III. Moyens mis en place pour sensibiliser les différentes autorités au sein du pays
à cet instrument et pour éliminer les obstacles rencontrés


(a) Le rapport devra présenter une évaluation des résultats sur les moyens mis en place pour sensibiliser les différentes autorités au sein du pays à cet instrument et pour éliminer les obstacles rencontrés. Il devra souligner les difficultés suscitées pour la mise en œuvre des dispositions substantielles de la convention ainsi que les obstacles juridiques et pratiques rencontrés par les États au cours de la mise en œuvre de la Convention.

(b) Les États devront décrire brièvement quelles sont les grandes questions qu'il convient de résoudre pour promouvoir la mise en œuvre des dispositions substantielles de la convention dans le pays, quelles mesures ont été prises en vue d'une campagne de sensibilisation et en faveur de la ratification.

(c) Les États exposeront les mesures prises en vue de faire mieux connaître les principes fondamentaux de la convention, y compris leur traduction dans leurs langues nationales, et le cas échéant locales, ainsi que leur diffusion au niveau national ou local, notamment auprès des organisations non gouvernementales.
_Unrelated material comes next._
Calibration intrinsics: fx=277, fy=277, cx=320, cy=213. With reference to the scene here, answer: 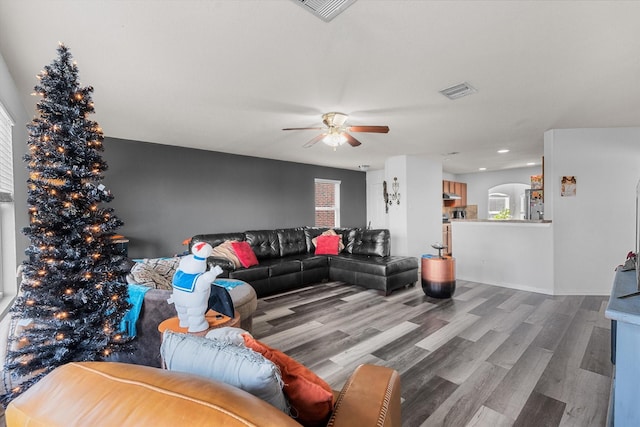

Les États préciseront les activités engagées ou soutenues par la commission nationale en vue de promouvoir la convention et pour susciter un débat sur des questions déterminantes, pour ce qui est des droits énoncés dans la convention.

______

* Pour les conventions concernant l’éducation, les États parties pourraient souhaiter inclure des informations communiquées aux organes des traités des Nations Unies concernant leur acceptation d'autres normes internationales relatives aux droits de l'homme, en particulier lorsque ces informations sont en relation directe avec la mise en œuvre par chaque État des dispositions des conventions de l’UNESCO. Les États pourraient indiquer s'ils sont parties à des instruments régionaux relatifs aux droits de l'homme.